Ioichthys

Scientific classification
- Kingdom: Animalia
- Phylum: Chordata
- Class: Actinopterygii
- Order: Argentiniformes
- Family: Opisthoproctidae
- Genus: Ioichthys Parin, 2004
- Species: I. kashkini
- Binomial name: Ioichthys kashkini Parin, 2004

= Ioichthys =

- Authority: Parin, 2004
- Parent authority: Parin, 2004

Genus of fishes

Ioichthys kashkini is a species of barreleye, present in the Arabian Sea. Early records placed it at depths of approximately 700 meters (2,300 ft). Recent data shows a range extending into the bathypelagic zone. A broader distribution across the Indian and Pacific Oceans has been recorded.

==Distribution and Habitat ==
Ioichthys kashkini can be found primarily in a marine environment and in a tropical climate. Usually around 700 meters, this deep sea environment is characterized by very low levels of light, high pressure, and low temperatures.
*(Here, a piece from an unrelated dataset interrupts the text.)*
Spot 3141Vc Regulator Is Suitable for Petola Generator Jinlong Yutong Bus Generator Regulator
They are distributed in Western Indian Ocean and in the Arabian Sea. Juvenile specimen have been recorded in Californian waters, and two adult specimens were caught in Peruvian waters.

==Description ==
Ioichthys kashkini is a deep-sea fish with a moderately elongated body, reaching a maximum known standard length of 253 mm (25.3 cm). The species is characterized by its moderately elongated body and dark pigmentation, primarily along the ventral surface and the snout. I. kashkini's physical appearance is adapted for the mesopelagic zone. For example, the epidermis beneath the eyes has a pronounced silvery tint, and the skin and peritoneum in adult specimens are black.
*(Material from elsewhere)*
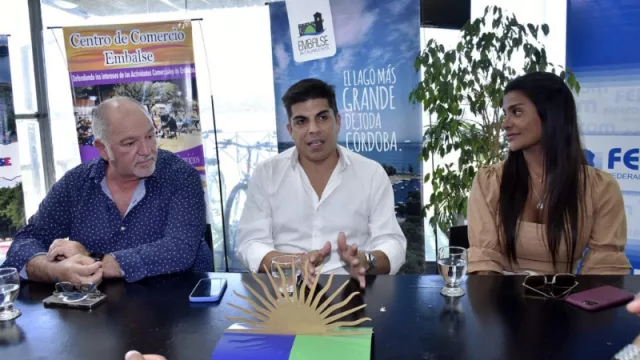 Embalse va por un centro comercial a cielo abierto sustentable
Unlike many other barreleyes that have telescopic eyes, Ioichthys kashkini has pouchlike eyes. One of its most recognizable features is its special eye structure, which is adapted to detect the low levels of light in the mesopelagic. These visual adaptations are important for Ioichthys kashkini, as it helps in their light limited environment.

==Anatomy ==
Ioichthys kashkini possesses a moderately elongated body, with between 53-55 vertebrae. Specimens found in the Eastern Pacific ocean have been recorded with a higher count of 56-58 vertebrae. This species can be distinguished from related taxa by a vomer that lacks teeth.
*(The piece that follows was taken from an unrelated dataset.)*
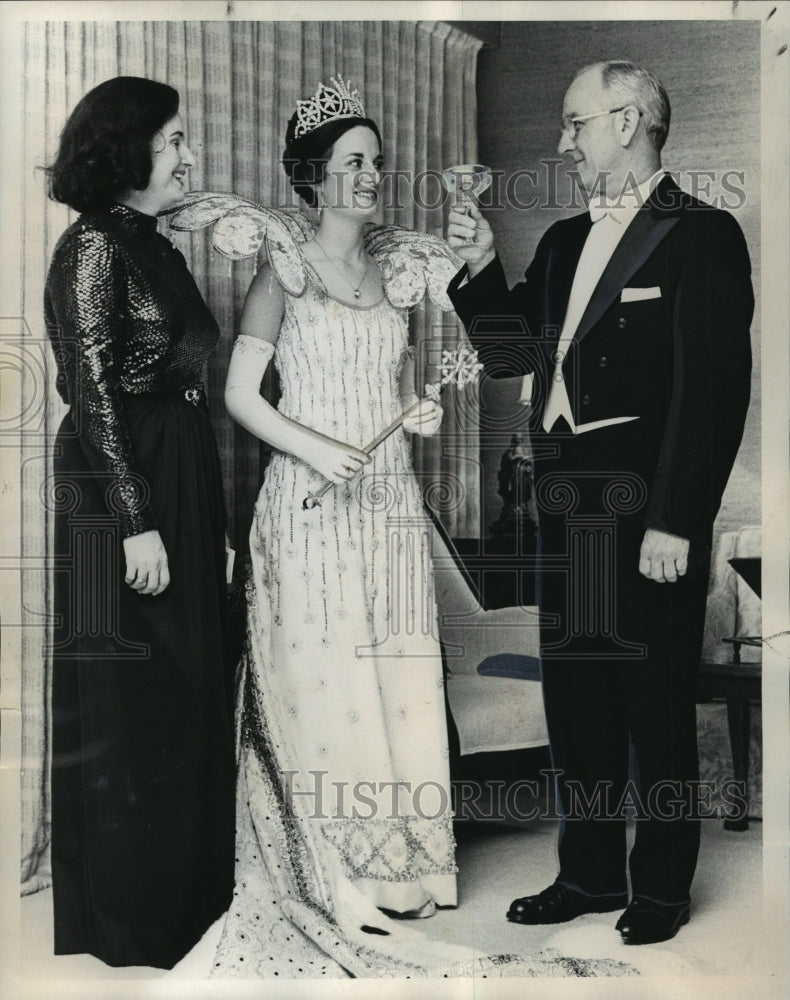 1974 Carnival Ball Donald B. Bohn toasts his daughter Kathleen - Historic Images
The eyes of Ioichthys kashkini are "pouch-like"and lack areas of sclerotization. More notably they are characterized by a notable aphakic space in front of the lens and a cornea with two bean-shaped evaginations. Unlike some other barreleyes, such as Bathylychnops, this species does not have thickened subscleral layer beneath the lens of the eye.
== Ontogeny ==
Ioichthys kashkini juveniles exhibit different pigmentation patterns compared to the adults. Juveniles display diffuse melanophore pigmentation, with distinct peritoneal markings along the borders of the myomeres. In contrast, fully mature adults exhibit a uniform solid black coloration across the skin and peritoneum. Specific features of the juveniles ocular development, such as the visibility of the posterior bean-shaped evaginations of the cornea will become more pronounced when the fish reaches adulthood.

== Feeding ==
The feeding habits and biological structures of the I. kashkini are highly specialized for the resource-deficient bathypelagic environment. Due to the fragile body composition and reduced musculature, these fish utilize a combination of unique anatomical filters and mucus-secreting organs within the branchial region. These organs produce sticky film that trap plankton and marine snow, which gill rakers then assist in moving this trapped material toward the digestive tract.

==Taxonomy==
The genus Ioichthys belongs to the Opisthoproctidae family, which are more commonly known as barreleye or spookfishes. They are a part of a unique group of deep-sea species that have special sensory adaptations and lifestyles. Some taxonomic research has compared Ioichthys to other closely related species including Dolichopteryx, Dolichopteroides, and Bathylychnops, in order to better understand some of their evolutionary adaptations.